D 19 septembre 2019     H 05:50     A Human Rights Watch     C 0 messages


Des milliers d’enfants sont détenus à long terme dans des conditions déplorables

L’armée nigériane détient des milliers d’enfants dans des conditions inhumaines et dégradantes en raison de leur appartenance présumée au groupe armé islamiste Boko Haram, a déclaré Human Rights Watch dans un rapport publié aujourd’hui. Ils sont nombreux à être emprisonnés sans inculpation pendant des mois ou des années, dans des baraquements sordides et très surpeuplés, sans aucun contact avec le monde extérieur.

Le rapport de 50 pages, intitulé « ‘They Didn’t Know if I Was Alive or Dead’ : Military Detention of Children for Suspected Boko Haram Involvement in Northeast Nigeria » (« ‘Ils ne savaient pas si j’étais mort ou vivant’ : Détention militaire d’enfants suspectés d’être membres de Boko Haram dans le nord-est du Nigeria »), analyse la façon dont les autorités nigérianes placent des enfants en détention, avec souvent peu ou pas de preuves. Les enfants ont décrit les coups violents, la chaleur omniprésente, la faim récurrente et l’entassement dans les cellules avec des centaines d’autres détenus, « comme des lames de rasoir dans leur paquet », selon les mots d’un ancien détenu.

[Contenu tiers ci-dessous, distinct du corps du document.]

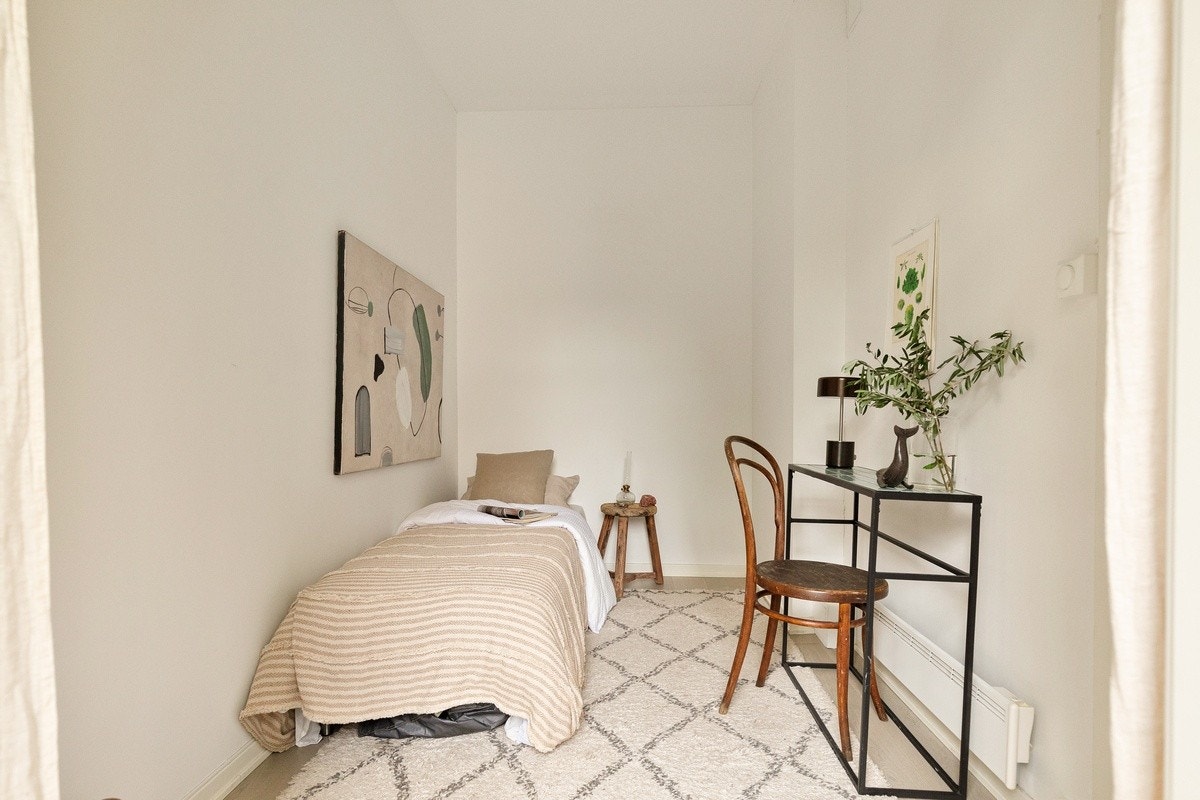 Soverom innenfor kjøkken, 7 kvm og med egen balkong med utsikt til den frodige og fine bakgården. Perfekt forlengelse av soverommet på varmere dager! Galleribilde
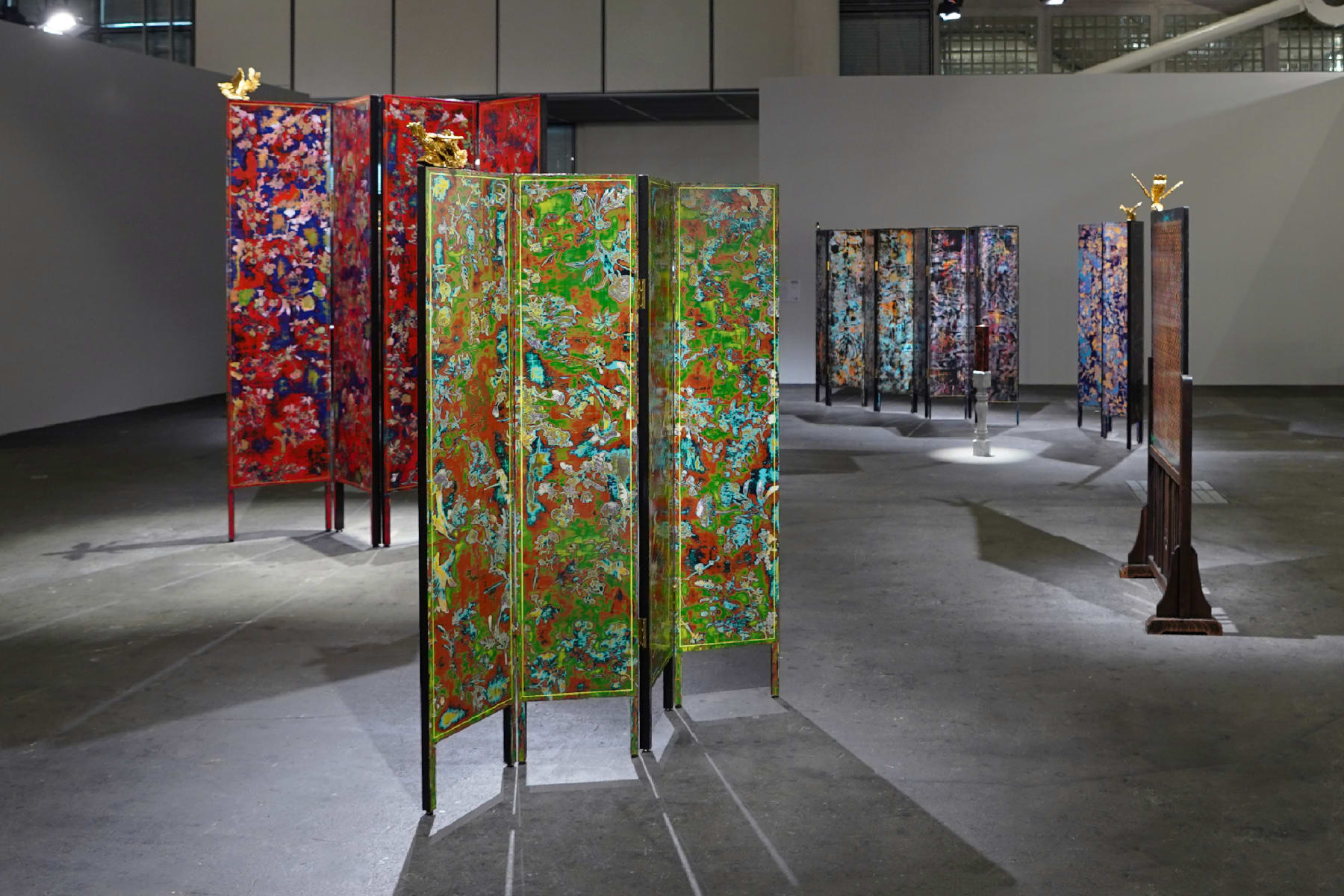 Su Meng-Hung's works Desolate Landscape on the Golden Screens at Art Basel in Basel, "Unlimited" installation view, 2025, Basel, Switzerland. © Tina Keng Gallery 蘇孟鴻作品《殘山剩水鬧金屏》於瑞士巴塞爾藝術展，「意象無限」展場照，2025，巴塞爾，瑞士。© 耿畫廊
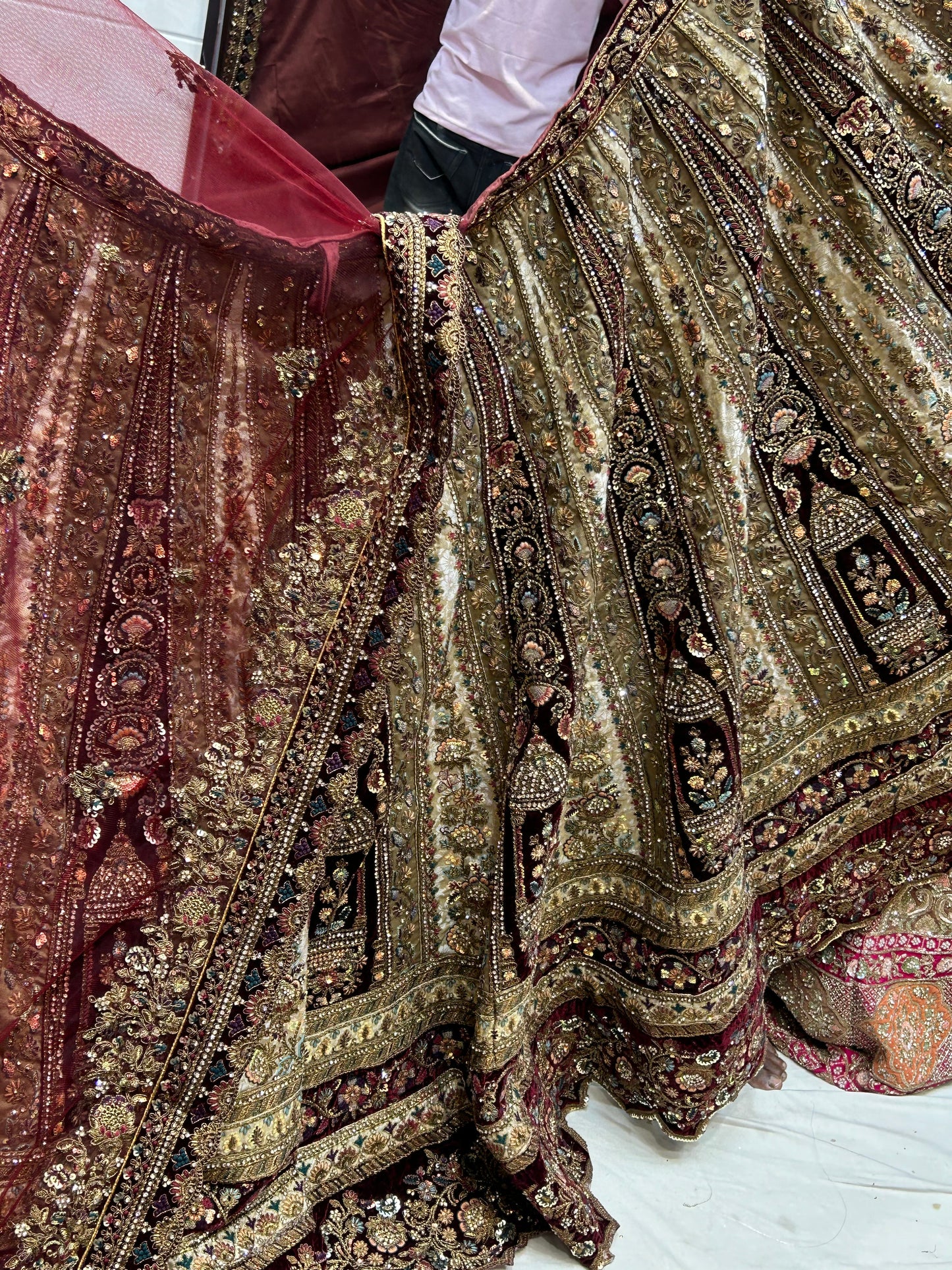 Lehenga nupcial hecha a mano en color granate intenso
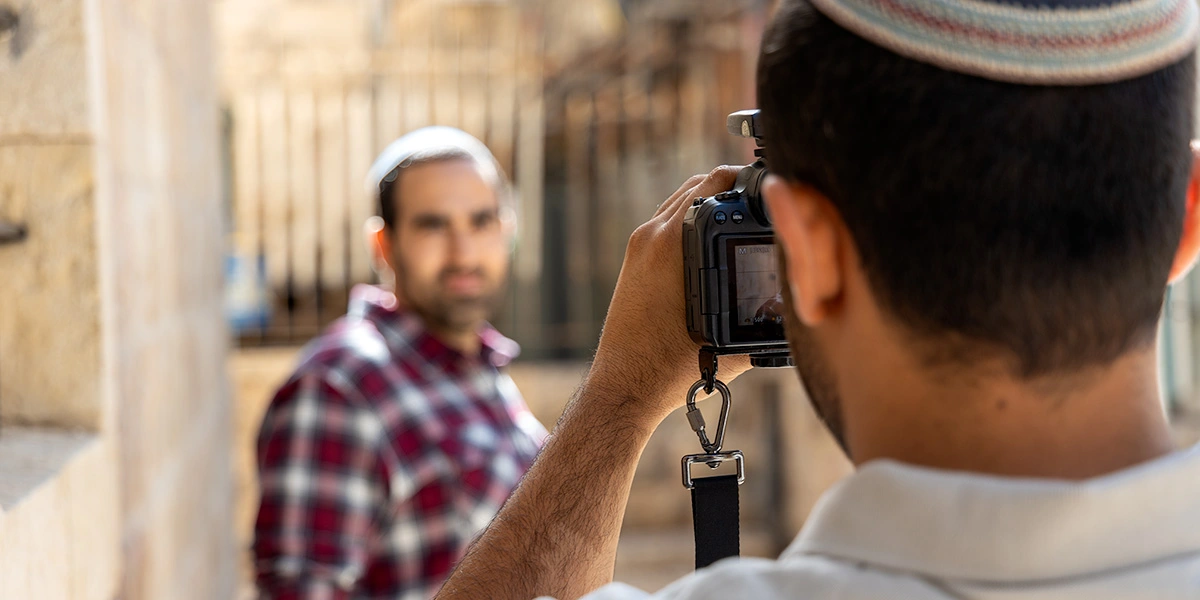 - שגיא שועלי, בעין אחת-לימודי צילום בשטח
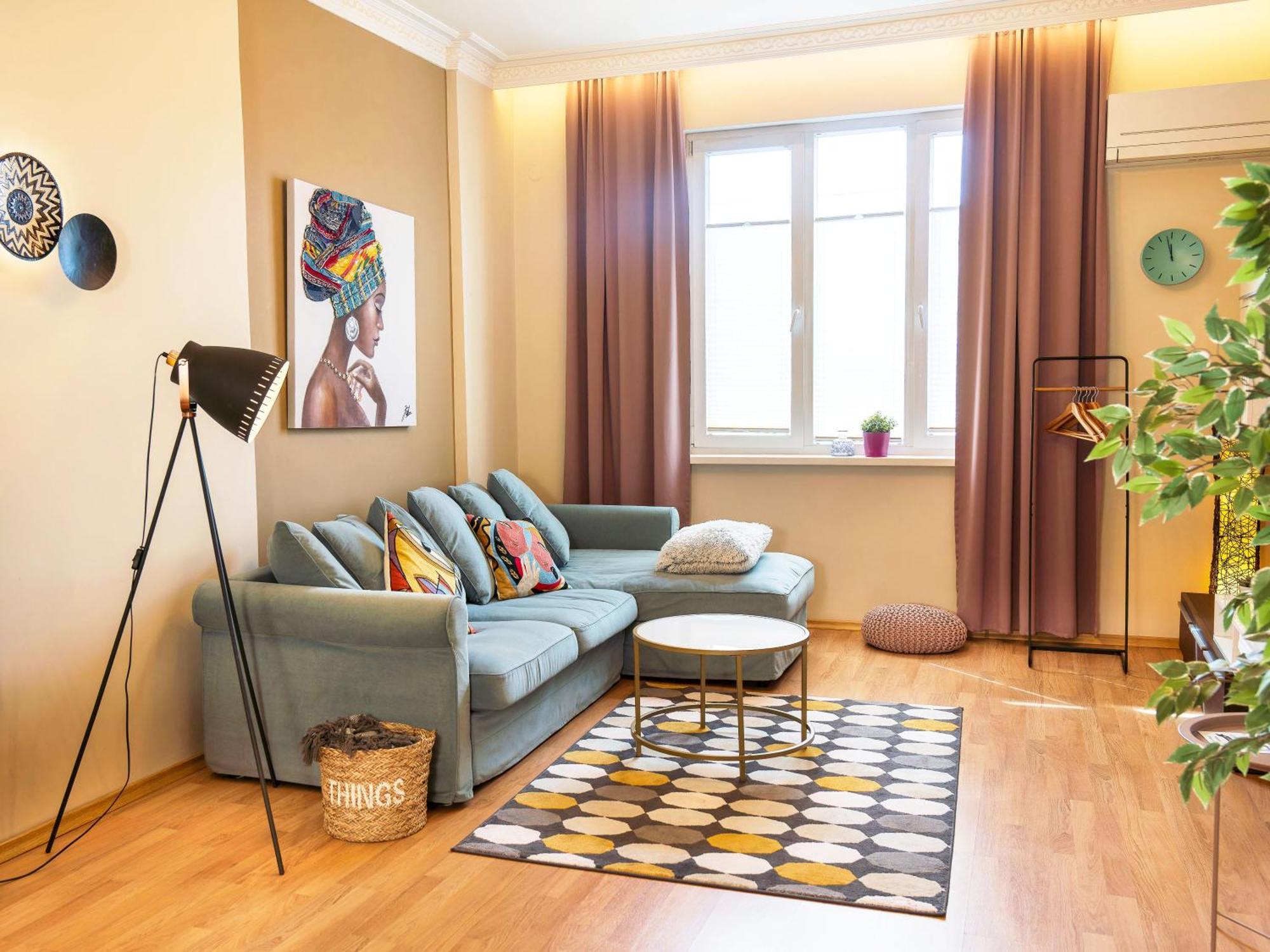 Apartment Memoir By Sofiaspot - Central, Metro To Airport Екстериор снимка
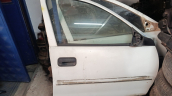 Oto Çıkma Parça / Opel / Corsa / Kaporta & Karoser / Sağ Ön Kapı / Çıkma Parça 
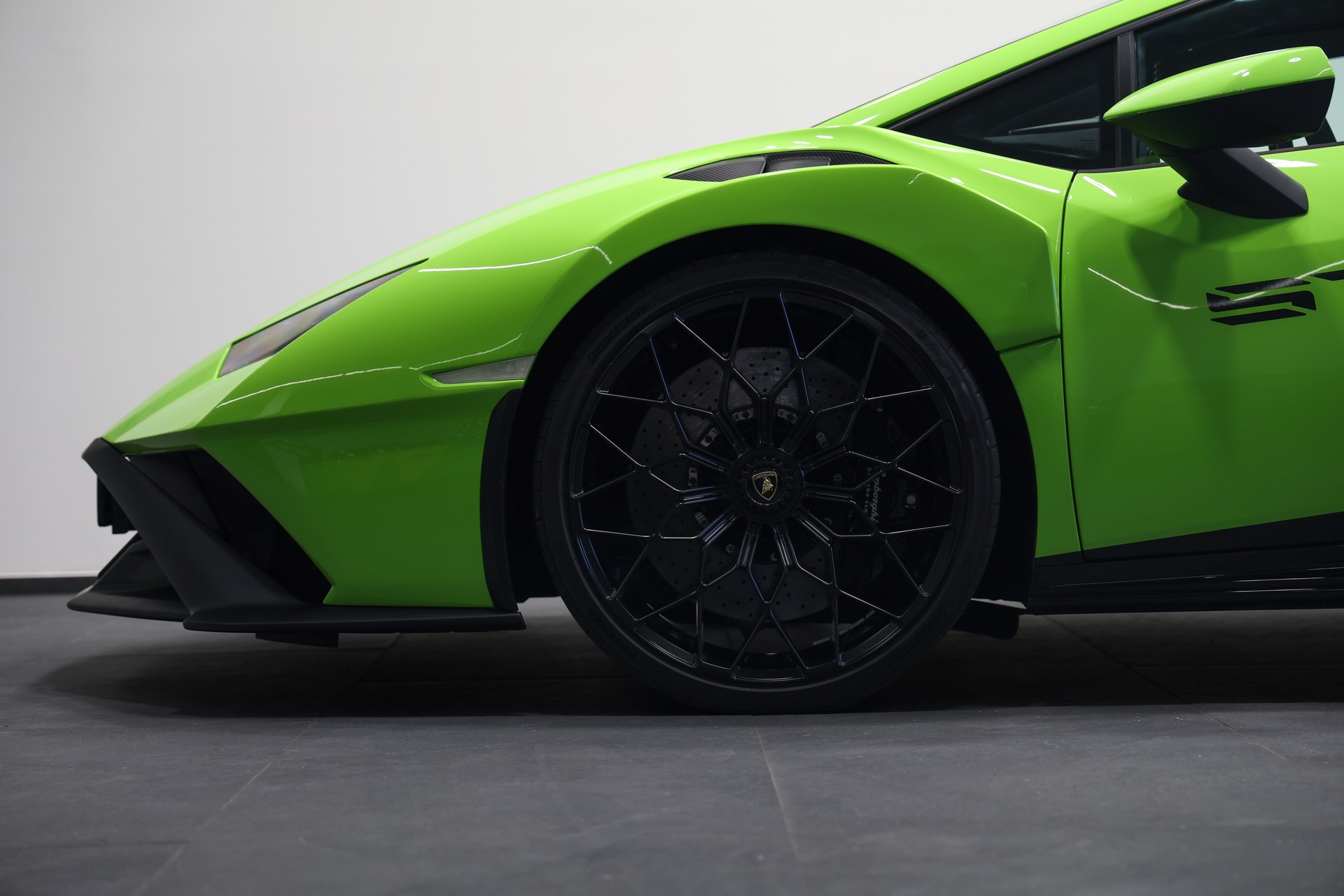 LAMBORGHINI Huracan STO Coupé DCT RWD *CH-Fahrzeug*Grün/Schwarz Lackierung EINMALIG*-image-15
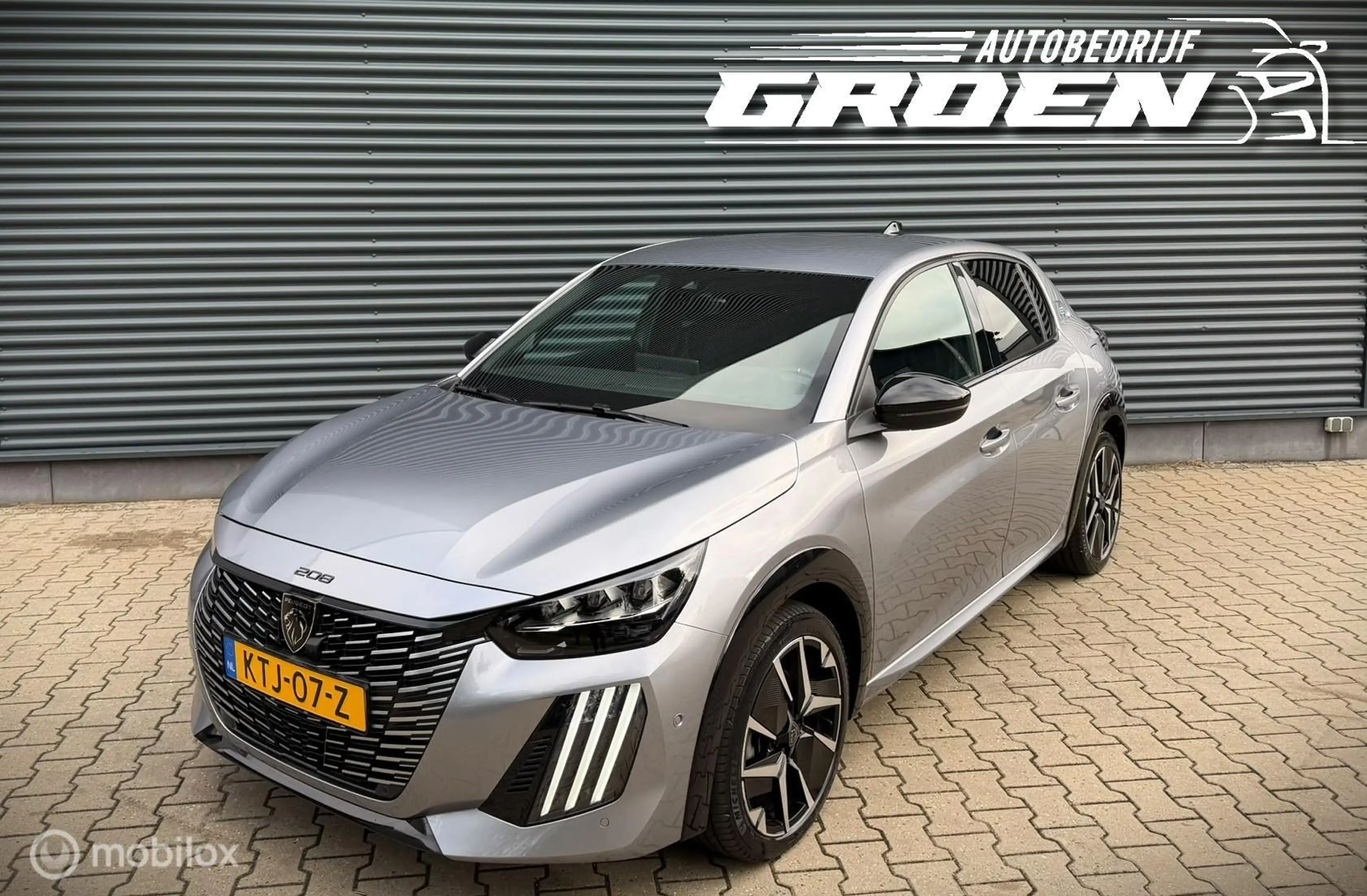Peugeot e-208 EV GT 51 kWh CAMERA|KEYLES|LED|CARPLAY|ALCANT — photo 16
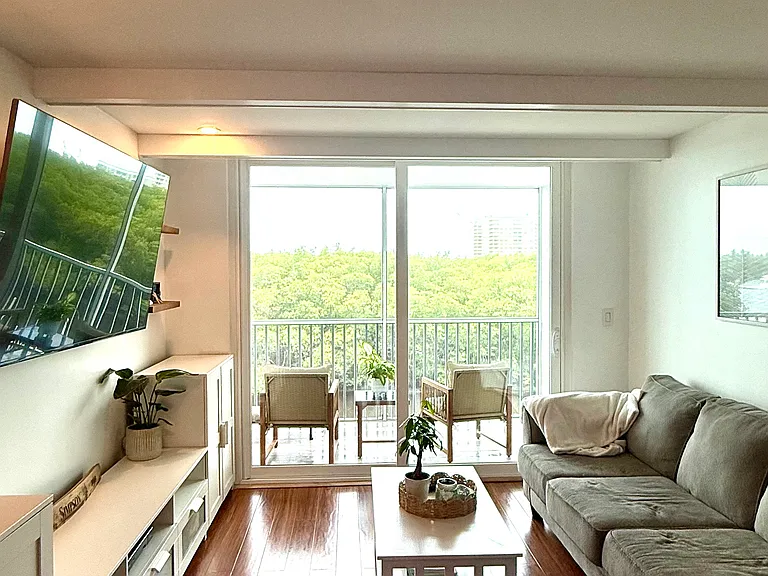 689 NE 6th Ct #304 — Photo 3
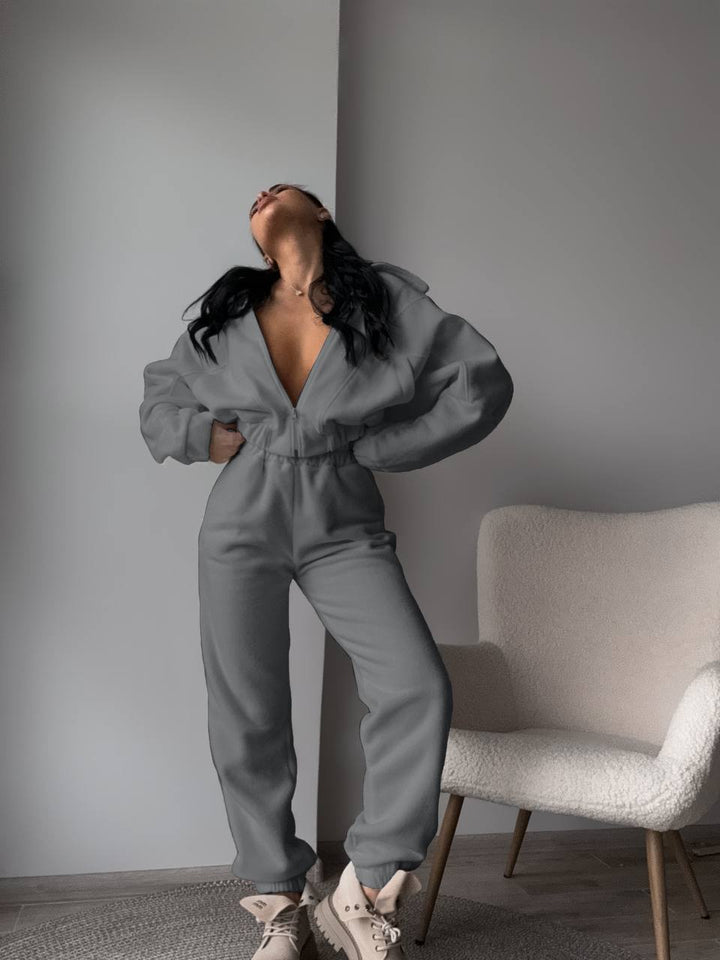 Women's sporty fleece tracksuit with hood and pockets Lisslune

« Des enfants sont emprisonnés depuis des années dans des conditions effroyables, avec peu ou pas de preuves de leur appartenance à Boko Haram et sans même avoir été présentés devant un juge », a déclaré Jo Becker, directrice du plaidoyer auprès de la division Droits des enfants de Human Rights Watch. « Beaucoup d’entre eux ont déjà survécu à des attaques de Boko Haram. Le traitement cruel que leur réservent les autorités ajoute à leur souffrance et ils se voient infliger en quelque sorte une double peine. »

Le gouvernement nigérian devrait signer et mettre en œuvre un protocole de transfert afin de garantir que les enfants arrêtés par l’armée soient rapidement transférés aux autorités de protection de l’enfance, en vue de leur réhabilitation et de leur réinsertion familiale et communautaire. D’autres pays de la région, comme le Tchad, le Mali et le Niger, ont déjà signé de tels protocoles.

D’après l’ONU, entre janvier 2013 et mars 2019, les forces armées nigérianes ont placé en détention plus de 3 600 enfants, dont 1617 filles, suspects d’être membres de groupes armés non étatiques. Beaucoup sont détenus à la caserne militaire de Giwa à Maiduguri, le principal lieu de détention militaire de l’État de Borno.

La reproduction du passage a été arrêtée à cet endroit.